Below is a listing to copy exactly; no image goes into the copy.

*** Block opens ***

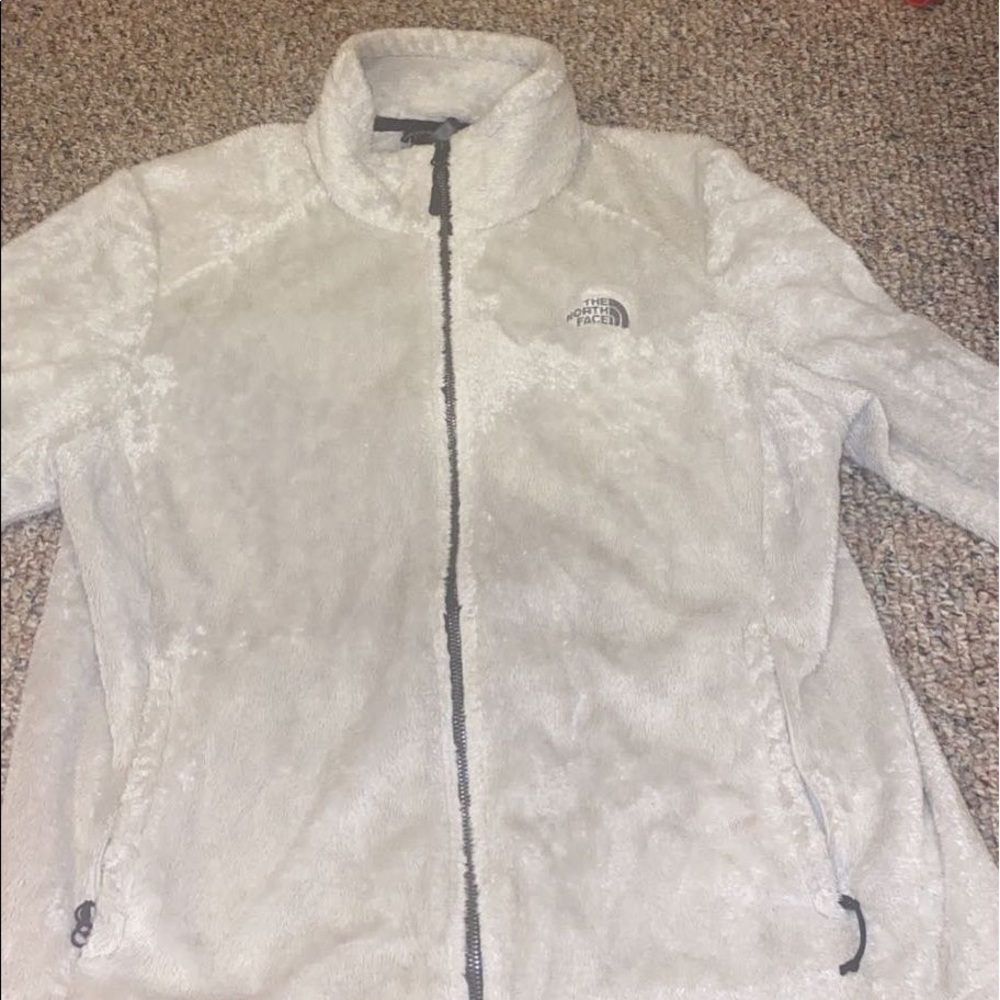 fuzzy north face jacket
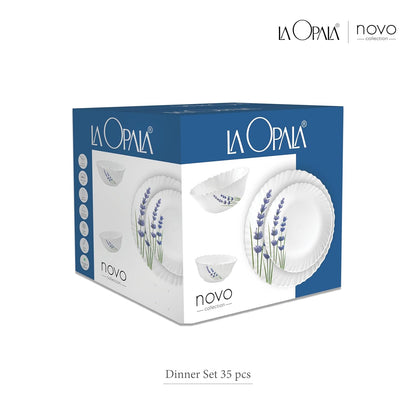 AM3964 La Opala, Novo Collection, Opal Glass Dinner Set 35 pcs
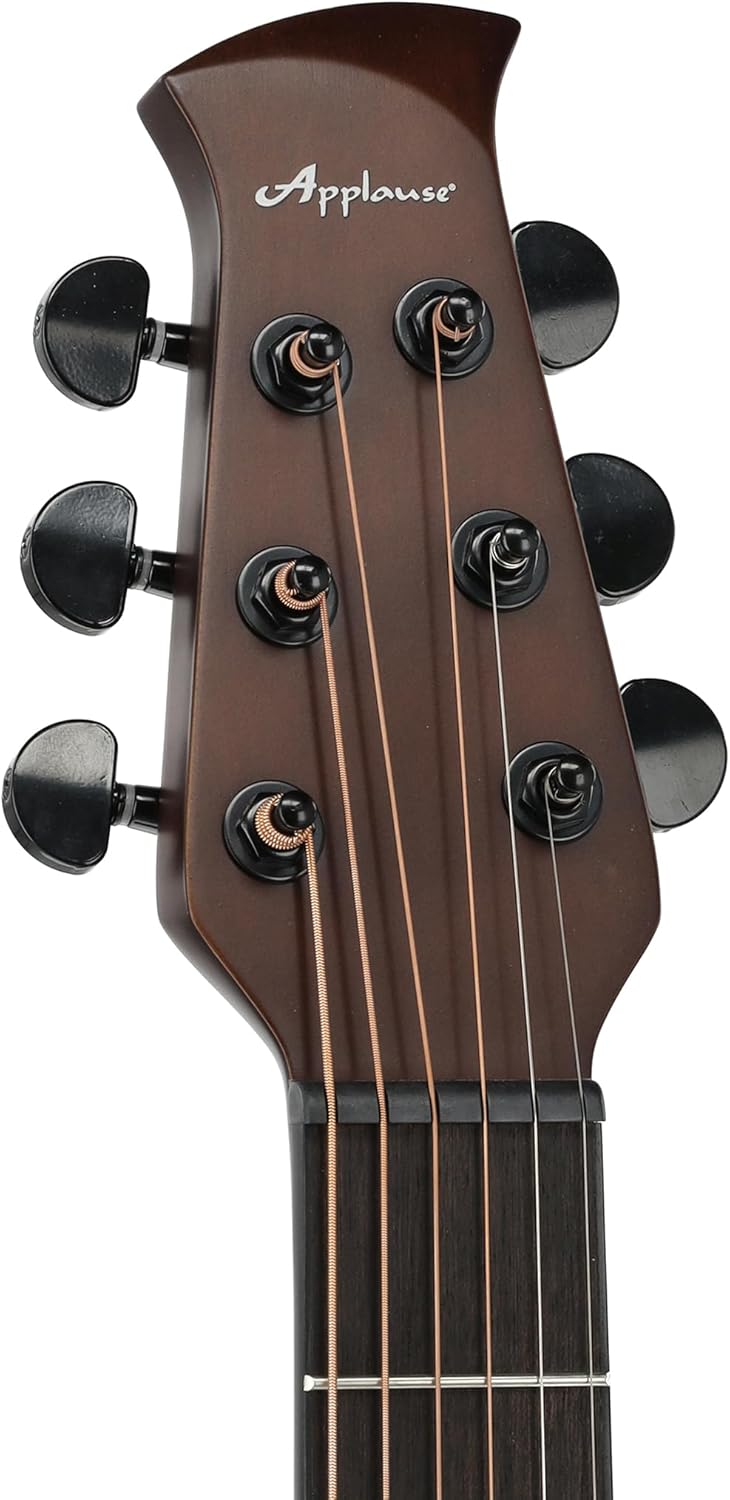 Applause electric acoustic guitar Jump Dark Matter AEO-69-5S, top: solid European spruce, cutaway, open-pore matt finish rosewood, top matt black, preamp with tuner, black machine heads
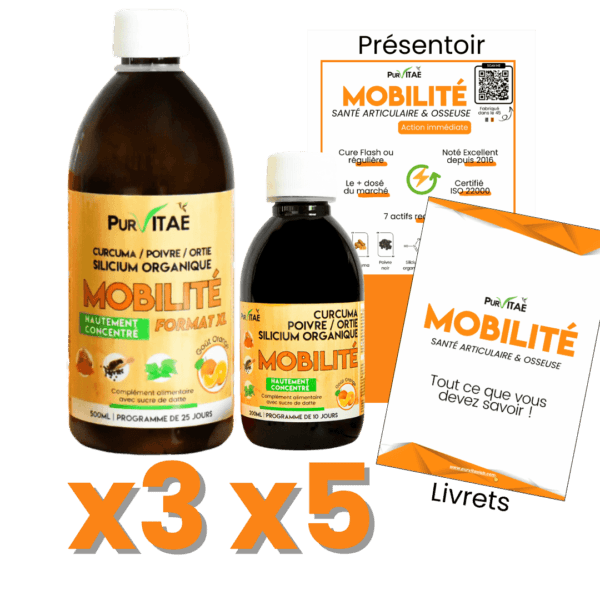 Mobilité starter pack with 3 big bottle and 5 small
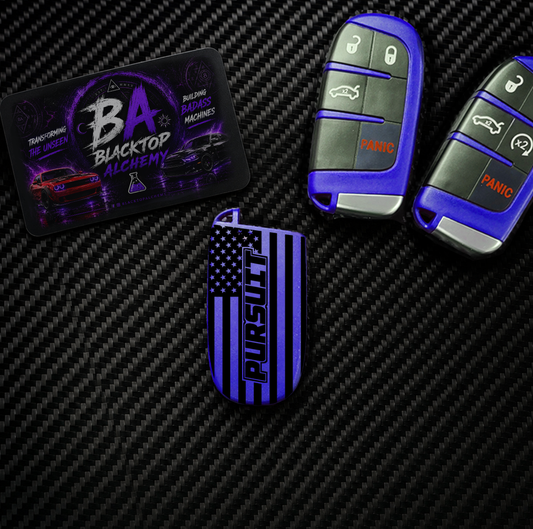 Pursuit American Flag Mopar Key Fob Shell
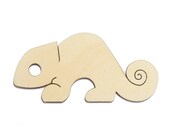 Large Wood Laser Cut Chameleon Cleaned Polished Craft Scrap Wooden Cutout Decoupage Scrapbooking Wood Shape Laser Engraving More Sizes 046
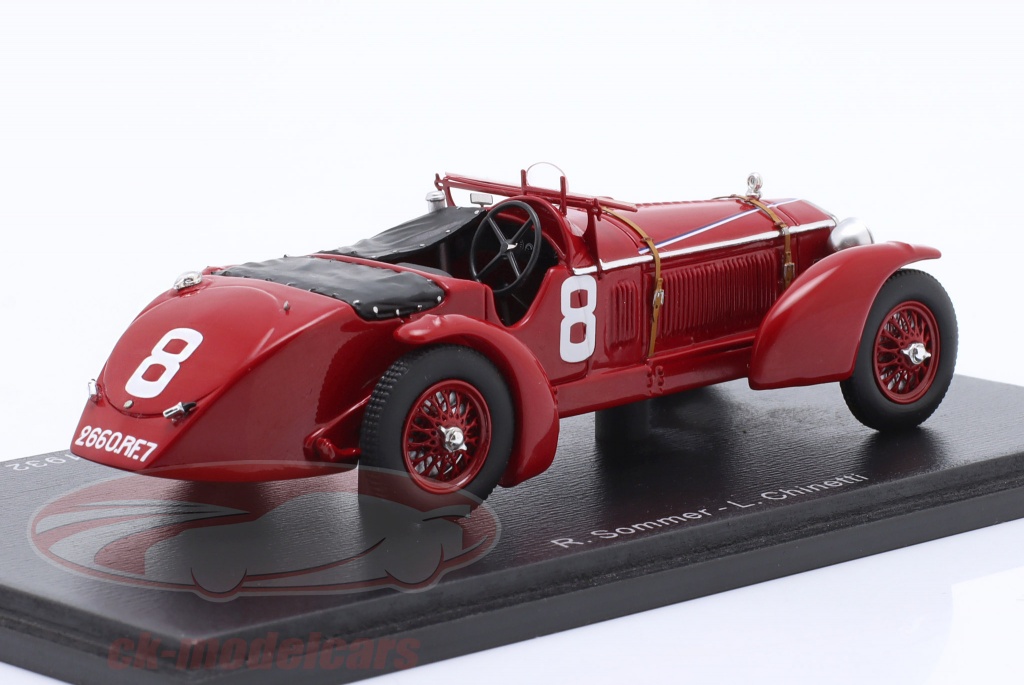 ALFA ROMEO 8C Winner 24H Le Mans 1932 Sommer Chinetti #8 43LM32 Spark 1/43 EUR 81,90 - FR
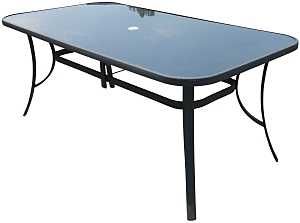 50705 TABLE GLASS BLK 38X60IN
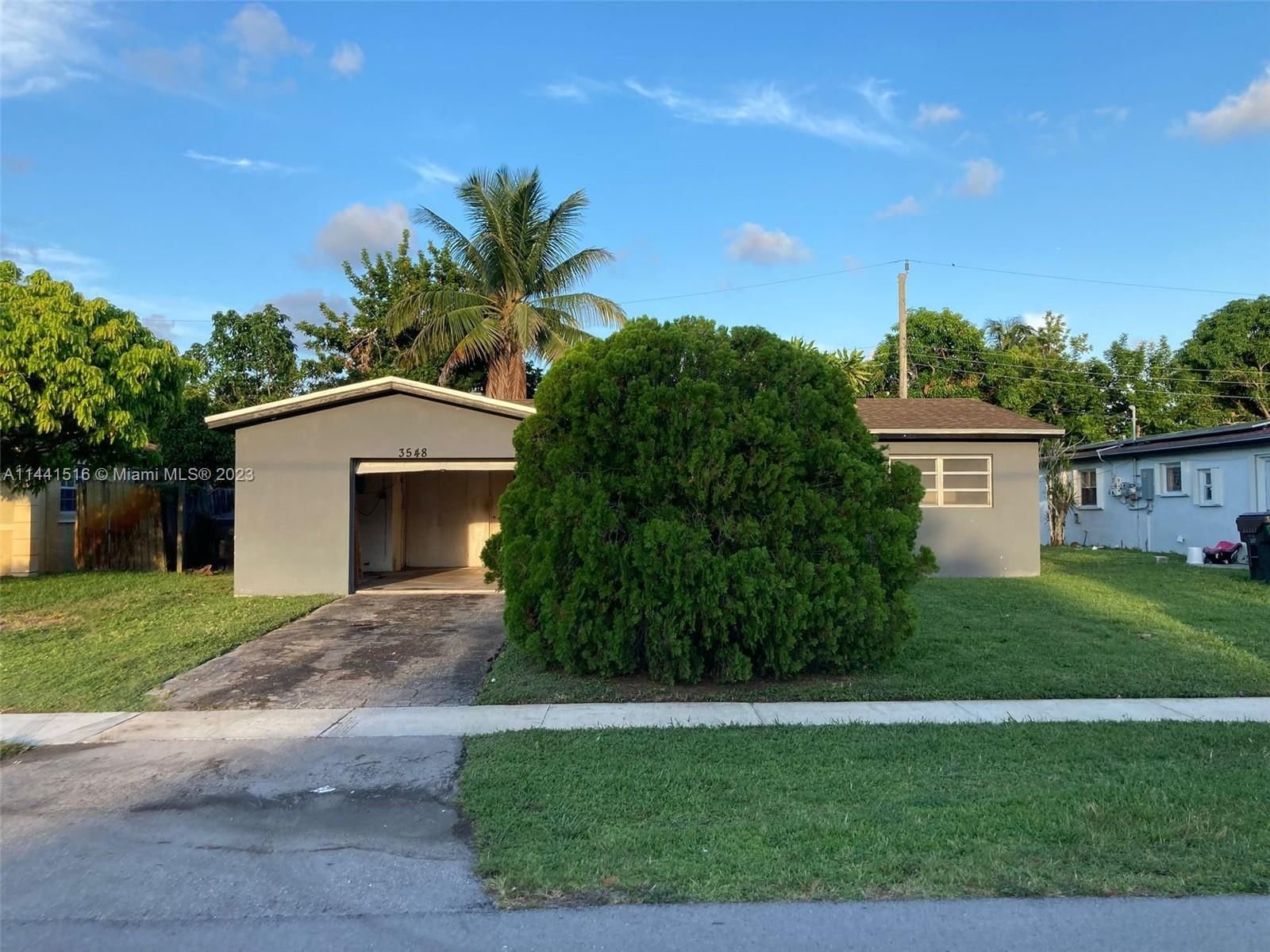 Real estate property located at 3548 37th Ave, Broward County, Lauderdale Lakes, FL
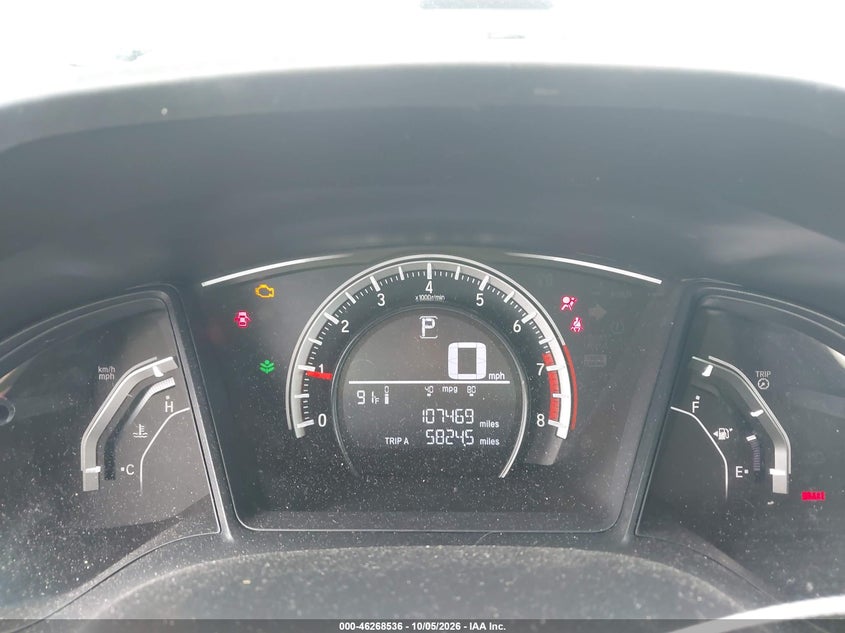 HONDA CIVIC 2016 VIN 2HGFC2F5XGH562446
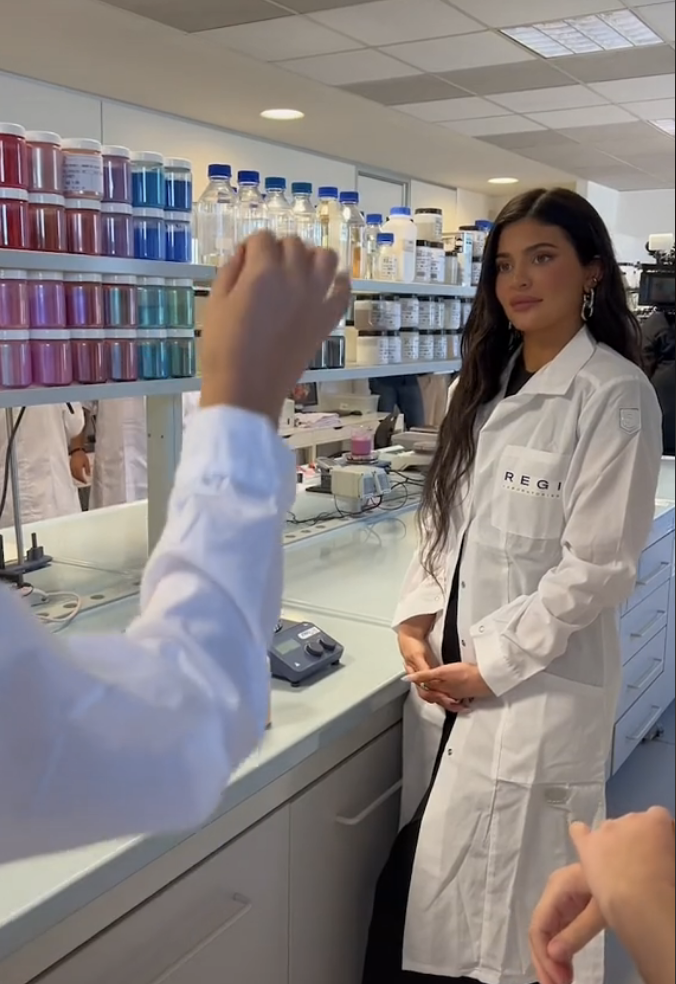   Kylie Jenner / Via tiktok.com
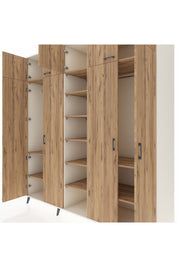 Kronos Dolap 12 Raflı 9 Kapaklı 2 Askılı 220x59x243 - S784M016V03C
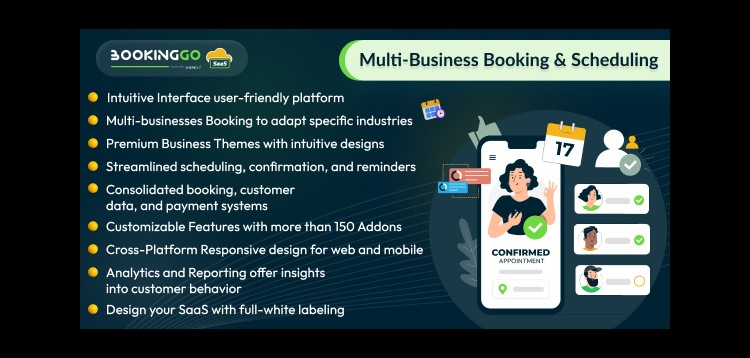 Item cover for download BookingGo SaaS - Multi Business Appointment Booking and Scheduling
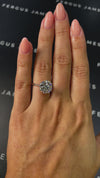 4 Carat Natural Solitaire Engagement Ring - Round Diamond in 18k White Gold Setting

*** Block closes ***

> [Answer box]
 fuzzy north face jacket
 AM3964 La Opala, Novo Collection, Opal Glass Dinner Set 35 pcs
 Applause electric acoustic guitar Jump Dark Matter AEO-69-5S, top: solid European spruce, cutaway, open-pore matt finish rosewood, top matt black, preamp with tuner, black machine heads
 Mobilité starter pack with 3 big bottle and 5 small
 Pursuit American Flag Mopar Key Fob Shell
 Large Wood Laser Cut Chameleon Cleaned Polished Craft Scrap Wooden Cutout Decoupage Scrapbooking Wood Shape Laser Engraving More Sizes 046
 ALFA ROMEO 8C Winner 24H Le Mans 1932 Sommer Chinetti #8 43LM32 Spark 1/43 EUR 81,90 - FR
 50705 TABLE GLASS BLK 38X60IN
 Real estate property located at 3548 37th Ave, Broward County, Lauderdale Lakes, FL
 HONDA CIVIC 2016 VIN 2HGFC2F5XGH562446
   Kylie Jenner / Via tiktok.com
 Kronos Dolap 12 Raflı 9 Kapaklı 2 Askılı 220x59x243 - S784M016V03C
 Item cover for download BookingGo SaaS - Multi Business Appointment Booking and Scheduling
 4 Carat Natural Solitaire Engagement Ring - Round Diamond in 18k White Gold Setting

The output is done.